FIVE international real estate agencies have been vandalised in a coordinated overnight attack in Mallorca.
Vandals smashed windows, sabotaged door locks, and daubed walls with aggressive graffiti in the inland town of Santa Maria del Cami.
The Policia Local confirmed that the coordinated strikes took place at around 2.30am.
Two young men were spotted carrying out the sabotage before fleeing the scene in a getaway car.

The properties were left defaced with spray-painted slogans reading ‘Guilty!’ and ‘Guiris out!’ across the glass.
German multinational Engel and Volkers suffered the worst damage during the night.
Attacking youths smashed a front window and defaced the company facade, which forms part of a protected cultural heritage site.
The office is located inside the historic Convent dels Minims, an officially registered asset of cultural interest.

Nearby agency Olive Island Properties also came under fire during the blitz.
Vandals covered the windows of the firm in thick paint and blocked the front door lock.
Other firms targeted included The Agency Mallorca, Imperial Properties and Christie’s.
The Guardia Civil has now taken over the criminal investigation to track down the culprits.

The local town hall issued a statement condemning the acts, which come amid boiling tensions over the housing crisis in the Balearics.
Activists across the islands regularly blame international estate agents for pricing locals out of the market as property values skyrocket.
But the Balearic National and International Real Estate Association, ABINI, has issued a fierce pushback against the targeting of foreign firms.
A spokesperson for the group branded the overnight sabotage as ‘cowardly and unjustifiable’ actions that target the wrong people.
“These attacks falsely accuse the real estate sector of being responsible for the residential emergency being experienced in the Balearics,” the association said.
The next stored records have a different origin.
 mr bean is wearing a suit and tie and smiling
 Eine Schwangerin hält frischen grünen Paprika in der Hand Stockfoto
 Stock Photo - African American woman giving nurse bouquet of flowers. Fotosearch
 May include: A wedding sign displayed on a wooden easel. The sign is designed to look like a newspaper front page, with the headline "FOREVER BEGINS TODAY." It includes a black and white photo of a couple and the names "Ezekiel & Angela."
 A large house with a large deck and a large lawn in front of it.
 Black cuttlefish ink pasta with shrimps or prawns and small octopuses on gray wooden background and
The group insisted that ‘real estate agencies are not the problem, but part of the solution’ to the ongoing island property crunch.
ABINI warned it would not tolerate the ‘criminalisation of hundreds of small business owners and workers’ who are simply doing their jobs honestly.
The group has consistently shift the blame for the regional housing shortage elsewhere.
Bosses argue that local authorities should focus on cutting through the regulatory labyrinth and building more public housing rather than blaming international investments.